In a N₂-filled glovebox, excess MeI (1 mL) was added dropwise to a green pentane (10 mL) solution of 11 (300 mg, 0.53 mmol). The solution remained green and was left to stir overnight. The resulting blue reaction mixture was filtered to obtain a blue precipitate. The blue solids were dried in vacuo isolating yielding 16 (112 mg, 30%). Single crystal X-ray quality crystals were obtained by dissolving the 50 mg blue powder in THF (0.5 mL) and layered into pentane (5 mL) at room temperature. IR: 2790m, 2711w, 2702sh, 2667w, 2656w, 2643w, 2632w, 2617w, 2564w, 2554w, 2522w, 2510w, 2486w, 2471w, 2433w, 2398w, 2393w, 2380w, 2349w, 2337w, 2322w, 2283m, 2274m, 2241w, 2228w, 2219w, 2204m, 2197m, 2174w, 2142w, 2130m, 2109sh, 2087s, 2047w, 2021w, 2002sh, 1996w, 1976m, 1903m, 1889m, 1860w, 1856w, 1834w, 1830w, 1816w, 1752s, 1715m, 1699w, 1684m, 1649s(ν_C=O), 1554sh, 1546w, 1344w, 1318w, 1302sh, 1291s(ν_C–O), 1263s, 1243s, 1201w, 1127w. Elemental analysis for 16 gave unsatisfactory values likely due to air oxidation Anal. Calcd. for C₂₉H₃₈O₂Si₂Ti₂I: C, 49.94; H, 5.49. Found: C, 47.11; H, 5.53.

Reaction of 11 and BnCl.

In a N₂-filled glovebox, BnCl (22 mg, 0.18 mmol) was added dropwise to a green pentane (10 mL) solution of 11 (100 mg, 0.18 mmol).
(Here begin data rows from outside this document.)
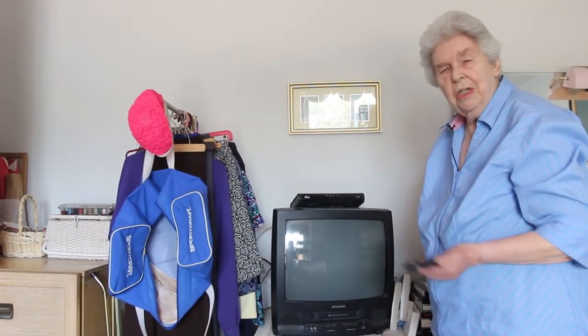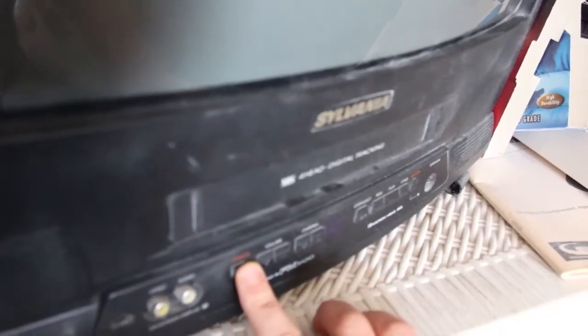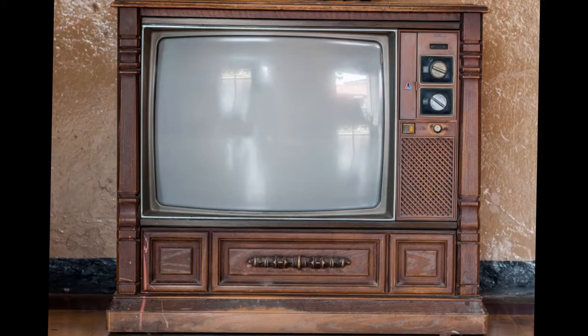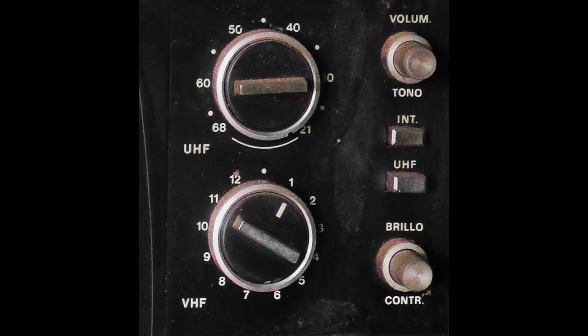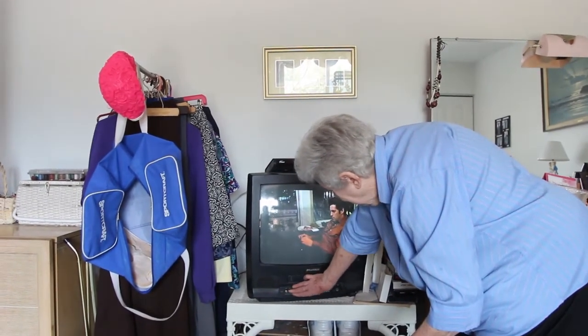People used to have to get up out of their chairs and go use a button. Some of the original TVs just had a knob where you turned it on and off. There would be another knob with the channels — you got like 2, 4, 6, maybe all the way up to 13. You'd get out of bed and come over here and punch this thing.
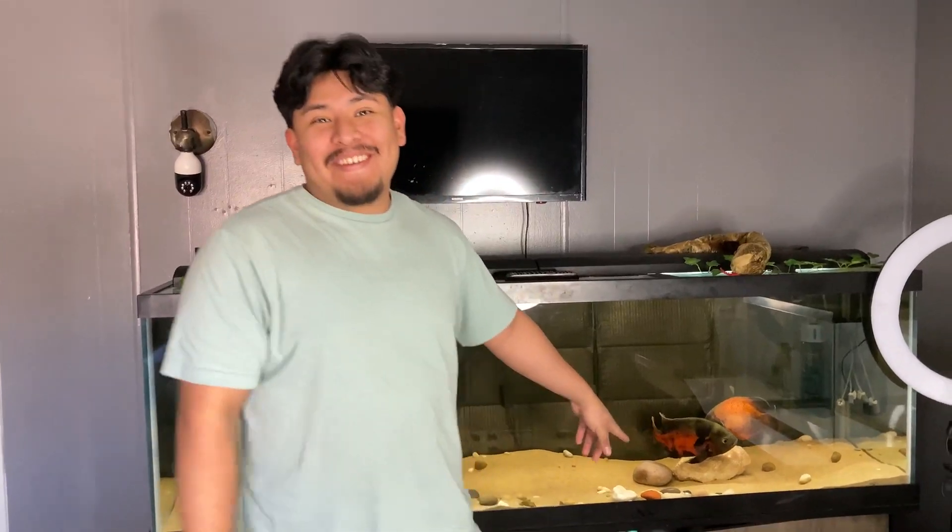What is up guys, it's your boy Wolfie and I'm back with another video. I have my boy Killer behind the camera. If you guys are wondering why I'm sitting in front of my fish tank, he doesn't know yet either — my fish laid eggs in the tank. You want to get into that?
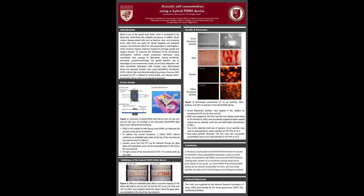Acoustofluidics is one of the microfluidic techniques. It has advantages of non-invasiveness, simple use, low power consumption, and easy integration with other microfluidic techniques.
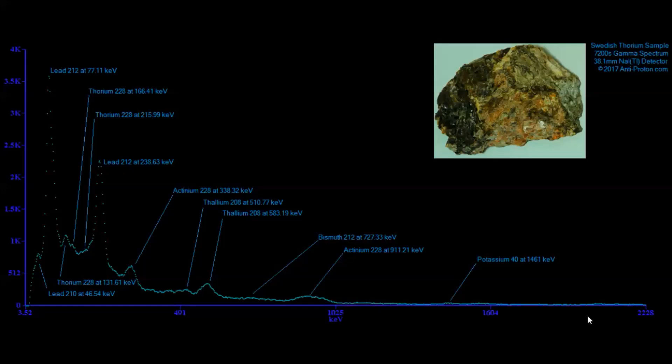As usual, you have an x-by-y graph where x is the energy and y is how much of it we found. On the x-axis you have low energy at 3.52 kiloelectron volts going all the way up to 2,228 kiloelectron volts, or 2.228 MeV. The energy increases going to the right. Each of these 1,024 channels counts how many detections per channel were found. This produces a fingerprint of the sample.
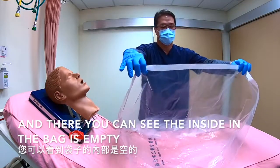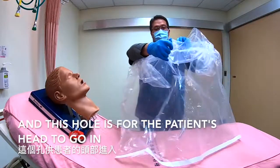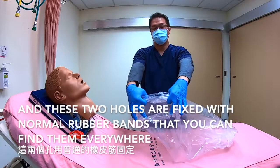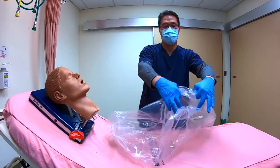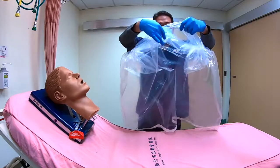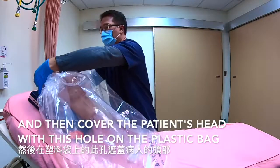The inside of the bag is empty, and this hole is for the patient's head to go in. These two holes are fixed with normal rubber bands that you can find everywhere. Then cover the patient's head with this hole on the plastic bag.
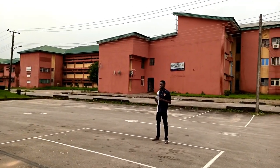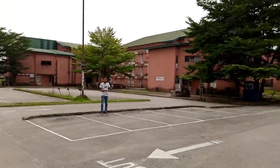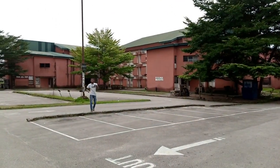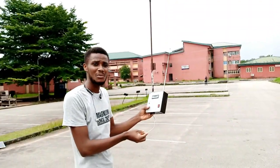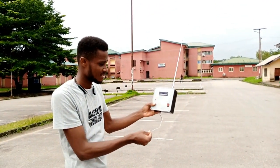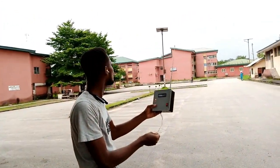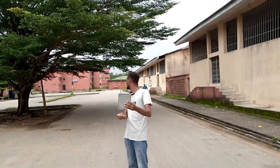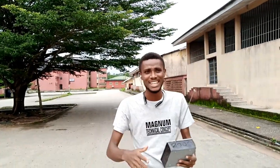There is a sound from the system. Now we are at least close to 100 meters. Let me check — testing again. There is a sound; it is receiving! The system has ultimately proven its efficiency and I'm so glad.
The reaction mixture became immediately orange. Pentane was removed in vacuo yielding an orange solid. NMR and the unit cell obtained from a single crystal[27, 37] confirmed the formation of Cp₂TiCl₂ and bibenzyl[38] was identified by NMR.

Figure 12.

Displacement ellipsoid plot of 16 with ellipsoids drawn at the 50% probability level. Hydrogen atoms and a disordered Me group were omitted for clarity.